◆ **Exercise requirements**:
An exact copy of the entries is required, with every image omitted.

☆ ☆ ☆ ☆ ☆

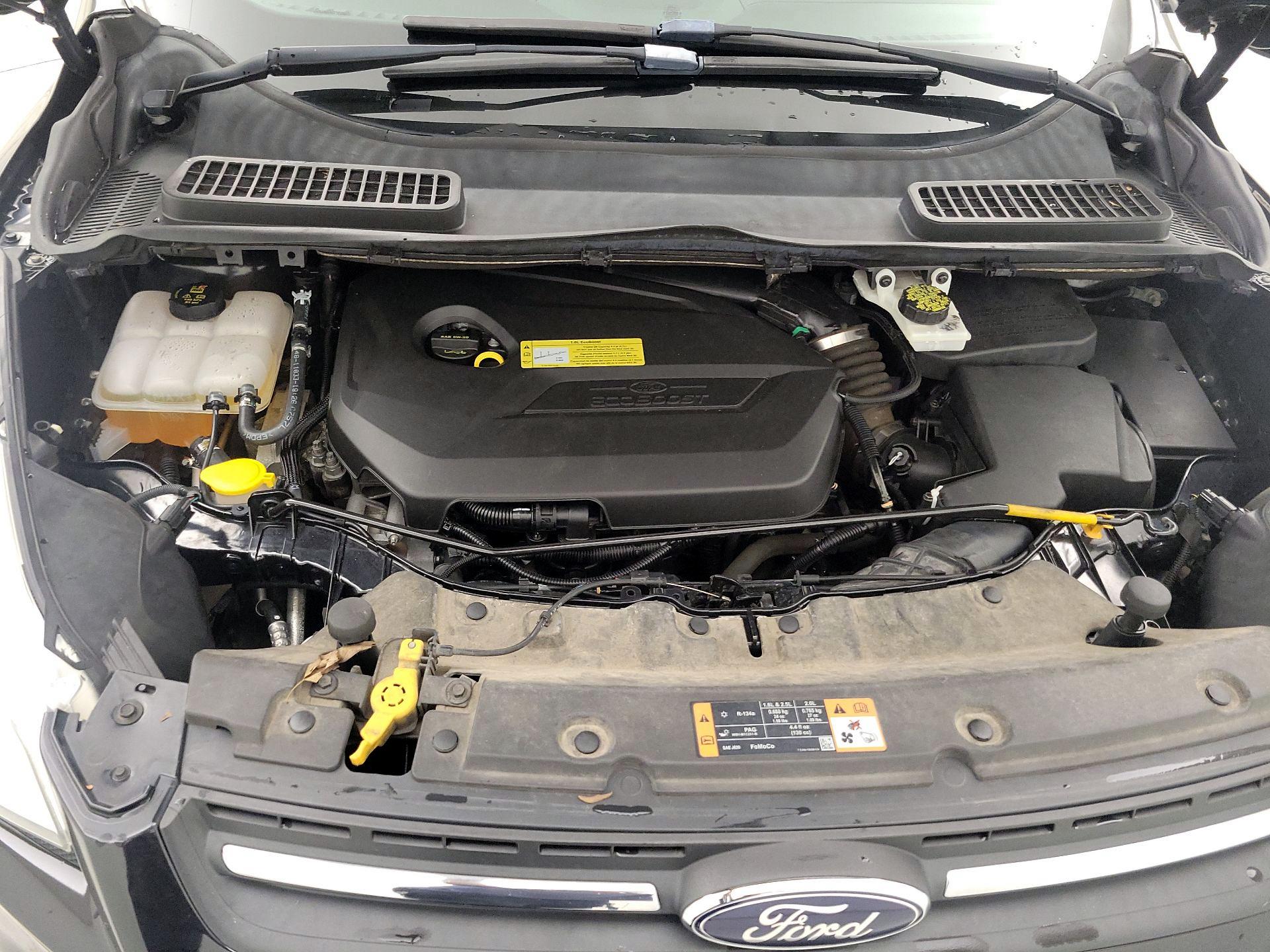 Thumbnail: 2014 Ford Escape - 20
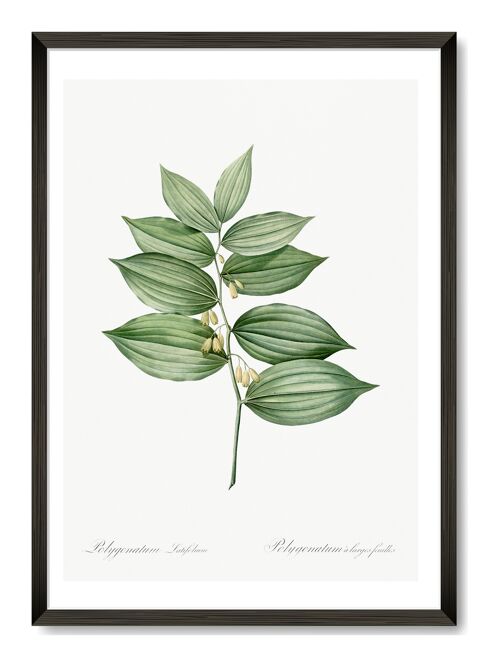 Botanical Leaf Art Print - A4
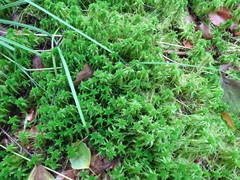 Sphagnum fallax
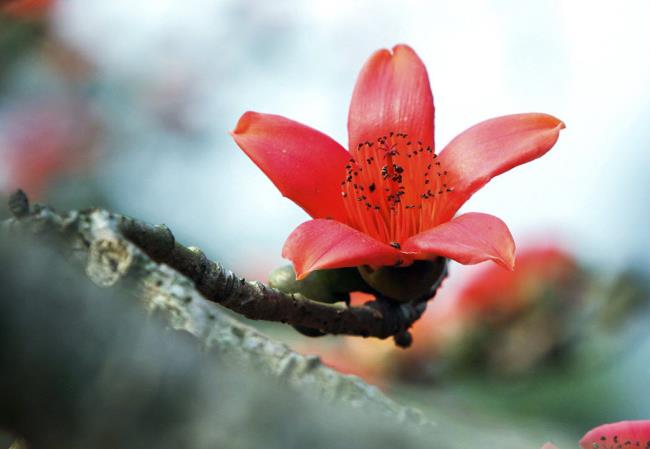 सबसे सुंदर लाल चावल फूल छवि का संश्लेषण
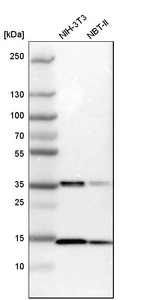 Western blot analysis in mouse cell line NIH-3T3 and rat cell line NBT-II.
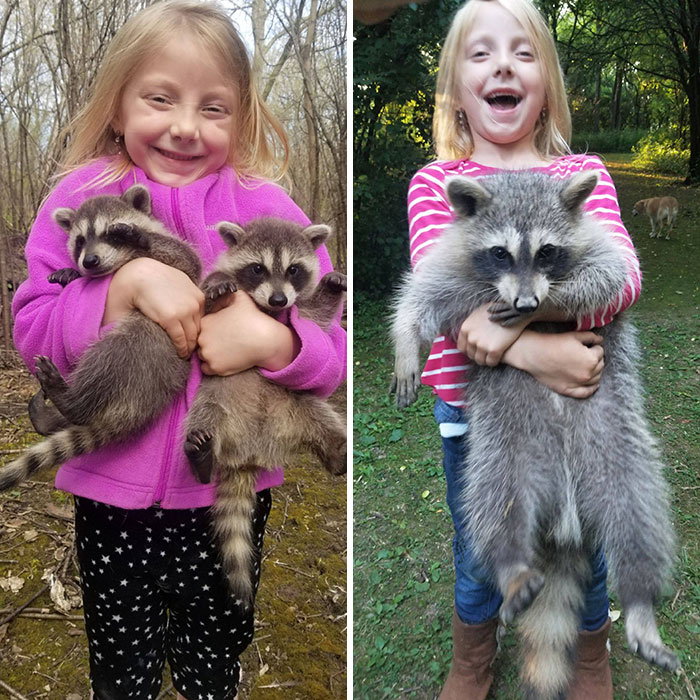 The Other One Is Still Here, Just Too Heavy For My Daughter To Pick Them Up At Once Now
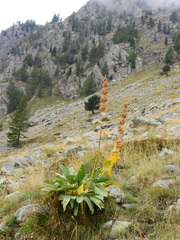 Gentiana lutea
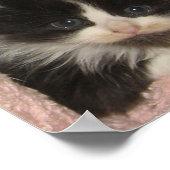 Maine Coon Kitten Poster (Hoek)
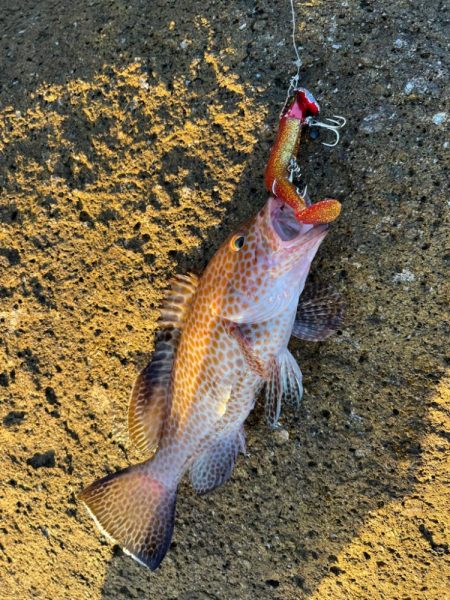 ジャックアイフリフリシャッドの強み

☆ ☆ ☆ ☆ ☆

◆ **Result**:
 Thumbnail: 2014 Ford Escape - 20
 Botanical Leaf Art Print - A4
 Sphagnum fallax
 सबसे सुंदर लाल चावल फूल छवि का संश्लेषण
 Western blot analysis in mouse cell line NIH-3T3 and rat cell line NBT-II.
 The Other One Is Still Here, Just Too Heavy For My Daughter To Pick Them Up At Once Now
 Gentiana lutea
 Maine Coon Kitten Poster (Hoek)
 ジャックアイフリフリシャッドの強み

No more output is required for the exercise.